News |Digital Activism

Conference and Workshops: Pocket Democracy

Berlin/Los Angeles on October 30, 2019

How can we use digital solutions to protect ourselves from fake news and discrimination? “Pocket Democracy”, a conference organized by the Thomas Mann House and Goethe Pop Up Seattle, interrogated that topic in a two-day format.

“We didn’t necessarily have a group of savvy folks who were very steeped in technology on our teams yet,” Opal Tometi, Co-Founder of Black Lives Matter and keynote speaker of “Pocket Democracy” by the Thomas Mann House and Goethe Pop Up Seattle, told her audience. “We simply used the available technology—twitter, google forms, tools that were already available. And it worked. It wasn’t just about clicking or retweeting, it was about showing up, marching, protesting and showing the world that there was a real issue.”

Opal Tometi and her allies have been using digital tools since the heyday of Black Lives Matter to raise awareness for their cause. Over the past five years, this has led to continual mass protests against racist police violence and the discrimination of minorities. The political potentials as well as risks of digital media have multiplied since the inception of the social justice movement.

PROBLEMS AS OPPORTUNITIES

Rarely passes a day on which international media fails to report on fake news, digital echo chambers or new surveillance practices. Simultaneously, protestors connect in autocratic systems via smartphones to inform themselves about approaching security forces; initiatives work on revealing discriminating prejudices within algorithms and intelligent applications are increasingly able to warn autonomously of manipulated images and videos.

The two-day event “Pocket Democracy”, which consisted of multiple workshops and public debates in Seattle and Berlin, attempted to reveal how the political implications of new communication technologies can be limited and guided constructively. Especially participants in Seattle were reminded of an American virtue: “Turn problems into opportunities!” India-born author Ramesh Srinivasan encouraged the audience: “We can design technology according to our aspirations.” The designer who teaches at the University of California in Los Angeles listed numerous examples of how collectives from Uganda to Catalunya to the mountain ranges of Oaxaca, Mexico, are fighting for autonomy by establishing their own digital networks, by generating new use value from old pieces of hardware and who are thus unlocking the ability to take common decisions with digital means.

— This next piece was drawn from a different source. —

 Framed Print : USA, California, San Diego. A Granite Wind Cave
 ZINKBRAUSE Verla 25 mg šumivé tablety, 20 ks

PROTEST AND DECISION MAKING

Communication theorist Alexander Sängerlaub, who was transmitted live to Seattle from the Berlin half of the “Pocket Democracy” conference, sounded more cautious. Sängerlaub added that digital media mostly increased our vulnerability for disinformation and political manipulation today. The disappearance of journalistic “gatekeepers”, who long served as a check on quality, represents a current overwhelming of democratic societies. This he saw expressed in a polarization of the political spectrum. It is hard to predict, how the medial public in Germany or the USA could be stabilized with democratic means. It was concluded thatthere is still a long way to go until the energies of digital outrage and protest could be transferred into real political participation and decision making. But there might be no other way than the long one.

 

„Pocket Democracy“ is an event by the Thomas Mann House in cooperation with Goethe Pop Up Seattle, the University of Washington and State Festival Berlin. „Pocket Democracy“ is part of „Wunderbar Together: Germany and the US“.